I have a memory dump which I has made from a dying application. It has consumed all available heap (-Xmx1024m). It uses com.gargoylesoftware.htmlunit.WebClient
to crawl web pages. Makes a few http requests per minute, dies in several days. As I see from the dump, it has ~1750 instances of HtmlPage
class, each is with tones of related objects, including full content of a crawled page.
I cannot understand why the HtmlPage
are not garbage collected. I have investigated instance references and I don't see any my code holding a reference to it, and VisualVM says that "No GC root found". As I understand it should mean the object is eligible for gc, but it doesn't work.
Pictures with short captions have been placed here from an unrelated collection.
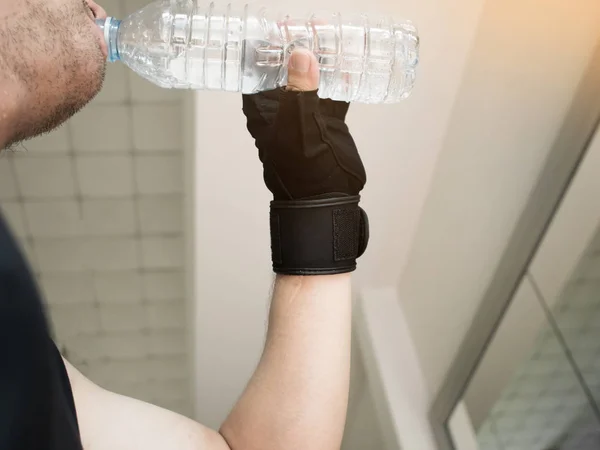 man hands wear gloves holding bottle of water at a gym.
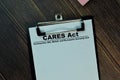 Cares Act write on a paperwork isolated on Wooden Table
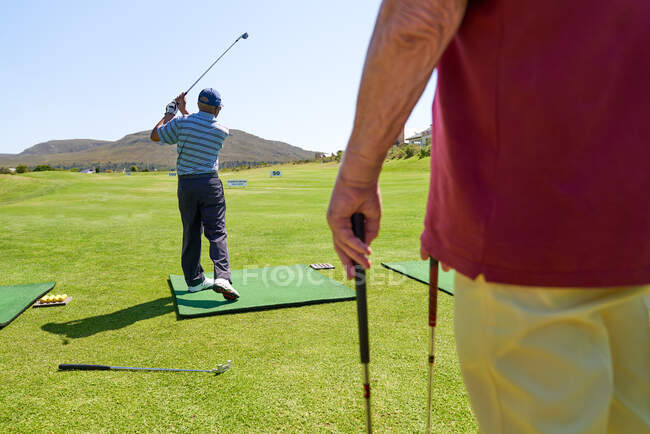 Golfista masculino praticando no campo de golfe ensolarado driving range — Fotografia de Stock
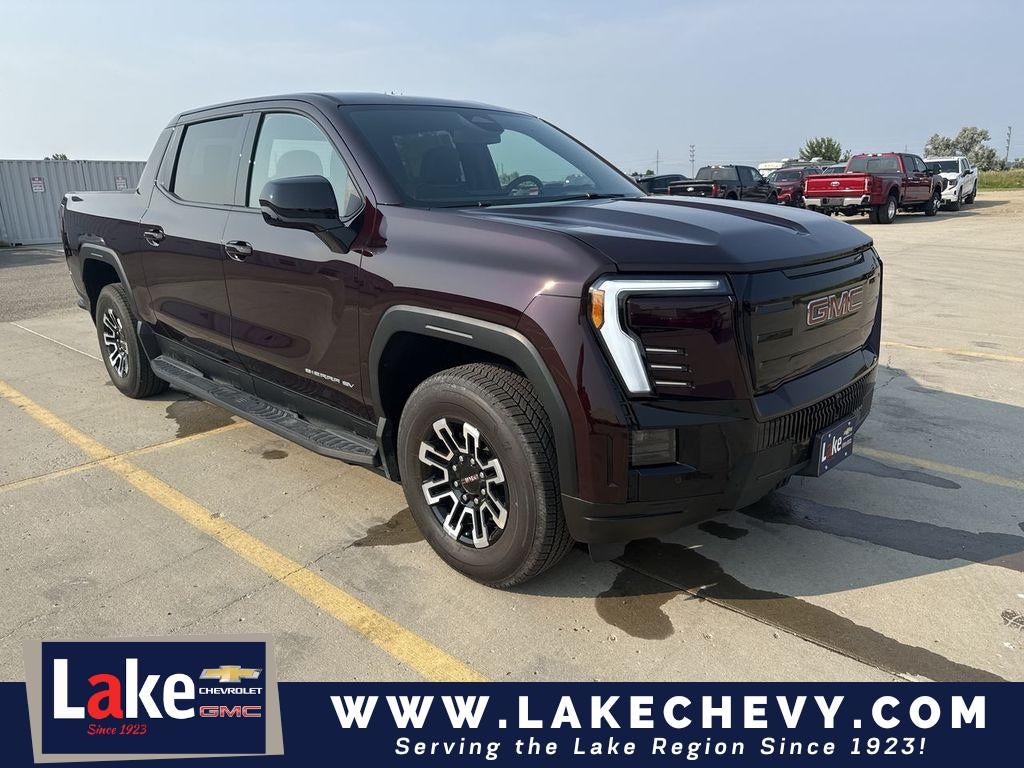2026 GMC Sierra EV Elevation Standard Range in Dark Ember Metallic — front three-quarter view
The application is running as a simple standalone process, it doesn't use any web containers or application servers.
Any hints? What else should I look into?
Specs:
- htmlunit v2.7
- java version "1.6.0_13" Java(TM) SE Runtime Environment (build 1.6.0_13-b03) Java HotSpot(TM) Server VM (build 11.3-b02, mixed mode)
- Linux my.lan 2.6.18-128.el5 #1 SMP Wed Dec 17 11:42:39 EST 2008 i686 i686 i386 GNU/Linux
Update1
I have tried to analyse the dump by the YourKit Java Profiler. It shows me a lot of java.lang.ref.Finalizer
objects with 310mb retained size. They are created for the net.sourceforge.htmlunit.corejs.javascript.NativeGenerator#finalize()
finalizer, and the NativeGenerator
refers to Window
, then to HtmlPage
and to everything.
Does anybody know why are they stay in memory?
Note: Curious, but VisualVM showed "pending finalization" as zero.
Make sure you're calling webClient.closeAllWindows() after you're done with page(s) - otherwise JavaScript thread is continuing to run holding references to the page resources etc.